### Listed entries ###
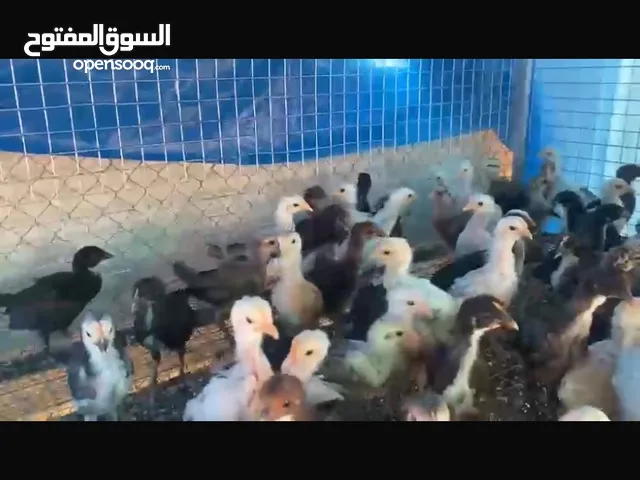 دجاج عماني شوف لوصف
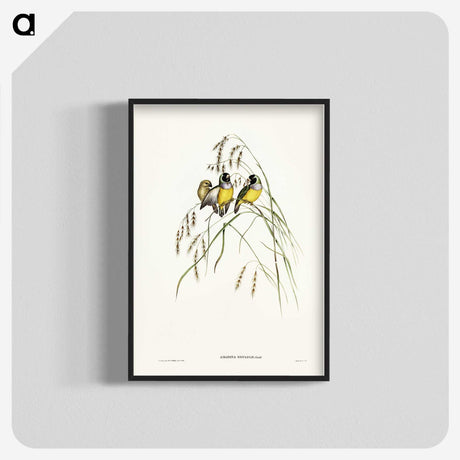 3-28_John-Gould_blk-crop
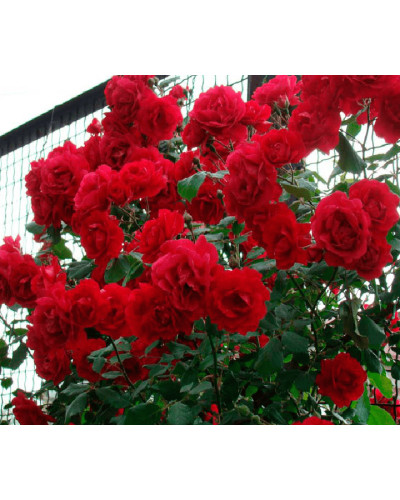 Троянда ’Крапля Червона’|Rosa ’Red Drop’|Роза ’Капля Красная’
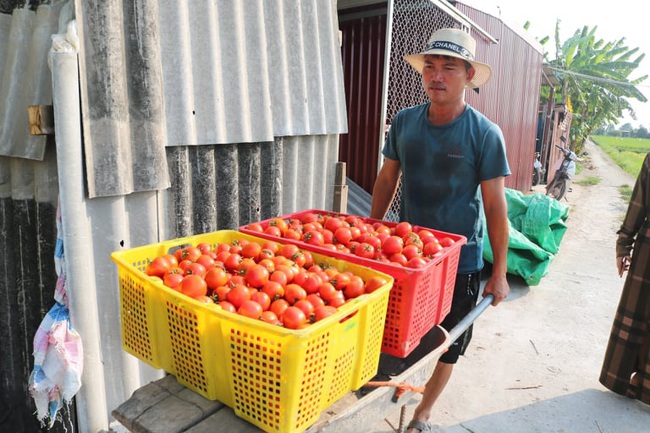 Hải Phòng:   Nông dân Hợp Đức bội thu cà chua và dưa lê - Ảnh 3.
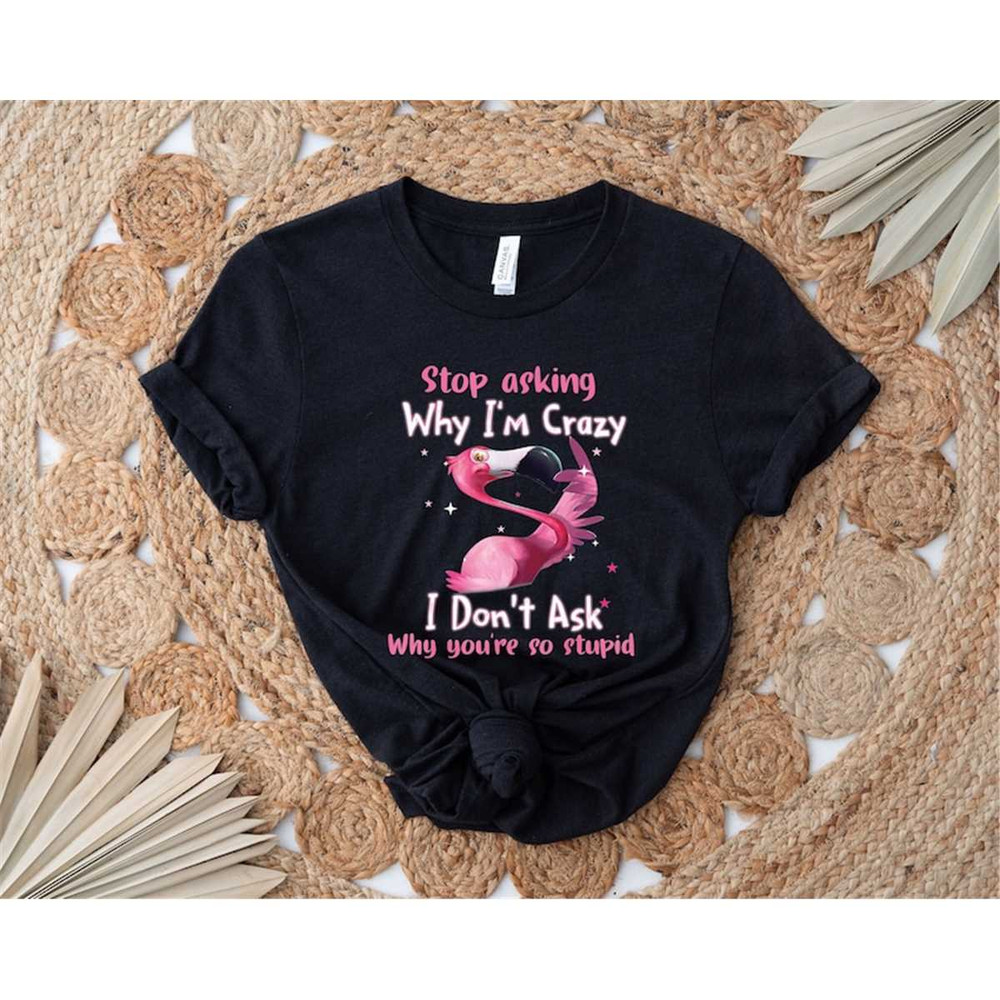 MR-57202395435-flamingo-stop-asking-why-im-crazy-t-shirt-i-dont-image-1.jpg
###
The data above should be repeated in full and exactly, with no pictures carried over.

 دجاج عماني شوف لوصف
 3-28_John-Gould_blk-crop
 Троянда ’Крапля Червона’|Rosa ’Red Drop’|Роза ’Капля Красная’
 Hải Phòng:   Nông dân Hợp Đức bội thu cà chua và dưa lê - Ảnh 3.
 MR-57202395435-flamingo-stop-asking-why-im-crazy-t-shirt-i-dont-image-1.jpg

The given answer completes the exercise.